*** Begin section ***

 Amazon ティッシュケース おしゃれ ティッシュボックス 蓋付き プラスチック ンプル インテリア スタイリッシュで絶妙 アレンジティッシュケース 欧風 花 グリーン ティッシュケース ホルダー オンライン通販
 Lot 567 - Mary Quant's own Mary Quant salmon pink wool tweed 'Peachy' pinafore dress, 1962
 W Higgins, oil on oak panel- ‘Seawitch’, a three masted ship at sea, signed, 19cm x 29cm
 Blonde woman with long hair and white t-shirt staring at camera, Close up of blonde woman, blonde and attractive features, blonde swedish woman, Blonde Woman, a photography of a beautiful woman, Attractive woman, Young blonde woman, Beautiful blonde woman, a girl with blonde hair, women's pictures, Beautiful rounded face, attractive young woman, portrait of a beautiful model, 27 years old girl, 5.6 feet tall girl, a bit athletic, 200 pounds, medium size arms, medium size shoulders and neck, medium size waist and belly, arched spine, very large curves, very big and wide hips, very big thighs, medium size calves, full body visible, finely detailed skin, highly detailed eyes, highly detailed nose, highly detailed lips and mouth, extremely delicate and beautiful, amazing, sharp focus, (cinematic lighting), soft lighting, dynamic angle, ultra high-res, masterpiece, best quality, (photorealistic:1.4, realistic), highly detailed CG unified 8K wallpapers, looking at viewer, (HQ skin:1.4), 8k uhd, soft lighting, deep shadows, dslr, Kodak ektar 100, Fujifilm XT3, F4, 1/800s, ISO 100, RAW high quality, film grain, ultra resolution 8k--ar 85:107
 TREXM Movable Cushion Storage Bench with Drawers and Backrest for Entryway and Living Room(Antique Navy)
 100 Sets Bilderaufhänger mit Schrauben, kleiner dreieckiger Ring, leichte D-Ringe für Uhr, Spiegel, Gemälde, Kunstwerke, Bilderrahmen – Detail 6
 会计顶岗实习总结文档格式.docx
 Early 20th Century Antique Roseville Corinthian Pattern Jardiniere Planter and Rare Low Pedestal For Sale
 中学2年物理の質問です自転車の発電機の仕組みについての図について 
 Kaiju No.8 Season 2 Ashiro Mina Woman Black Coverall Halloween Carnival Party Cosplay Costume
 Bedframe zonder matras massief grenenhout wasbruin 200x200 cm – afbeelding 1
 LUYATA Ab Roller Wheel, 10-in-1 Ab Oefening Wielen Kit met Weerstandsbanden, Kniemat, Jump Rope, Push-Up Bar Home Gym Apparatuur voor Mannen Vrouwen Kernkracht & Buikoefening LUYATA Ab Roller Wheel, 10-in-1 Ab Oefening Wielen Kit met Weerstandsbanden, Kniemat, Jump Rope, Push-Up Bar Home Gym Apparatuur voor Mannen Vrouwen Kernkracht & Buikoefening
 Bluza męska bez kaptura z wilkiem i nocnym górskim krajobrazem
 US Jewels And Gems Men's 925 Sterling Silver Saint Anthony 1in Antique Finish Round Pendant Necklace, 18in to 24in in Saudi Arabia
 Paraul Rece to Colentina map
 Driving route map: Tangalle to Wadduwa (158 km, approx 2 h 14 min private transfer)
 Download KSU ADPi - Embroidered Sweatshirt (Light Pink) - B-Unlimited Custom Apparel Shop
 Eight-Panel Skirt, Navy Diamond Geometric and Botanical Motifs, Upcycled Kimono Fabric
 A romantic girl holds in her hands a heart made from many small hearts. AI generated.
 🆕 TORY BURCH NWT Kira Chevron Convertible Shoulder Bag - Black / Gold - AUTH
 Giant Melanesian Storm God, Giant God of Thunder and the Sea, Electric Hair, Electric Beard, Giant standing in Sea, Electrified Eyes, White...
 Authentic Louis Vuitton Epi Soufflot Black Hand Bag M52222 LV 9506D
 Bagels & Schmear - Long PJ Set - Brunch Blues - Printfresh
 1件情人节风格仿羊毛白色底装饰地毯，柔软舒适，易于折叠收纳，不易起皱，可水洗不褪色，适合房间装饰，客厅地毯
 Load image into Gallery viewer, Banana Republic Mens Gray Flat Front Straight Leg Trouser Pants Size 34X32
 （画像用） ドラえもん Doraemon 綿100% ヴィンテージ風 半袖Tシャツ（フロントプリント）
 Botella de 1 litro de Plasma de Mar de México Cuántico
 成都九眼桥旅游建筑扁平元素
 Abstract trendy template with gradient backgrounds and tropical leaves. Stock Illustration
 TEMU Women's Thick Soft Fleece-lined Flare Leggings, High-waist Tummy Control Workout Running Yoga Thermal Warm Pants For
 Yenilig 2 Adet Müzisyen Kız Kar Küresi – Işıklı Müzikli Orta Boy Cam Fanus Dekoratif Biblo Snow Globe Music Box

*** End section ***

* Task:
From the records, copy every line that has the string "Antique" in it.

* Worked solution:
 TREXM Movable Cushion Storage Bench with Drawers and Backrest for Entryway and Living Room(Antique Navy)
 Early 20th Century Antique Roseville Corinthian Pattern Jardiniere Planter and Rare Low Pedestal For Sale
 US Jewels And Gems Men's 925 Sterling Silver Saint Anthony 1in Antique Finish Round Pendant Necklace, 18in to 24in in Saudi Arabia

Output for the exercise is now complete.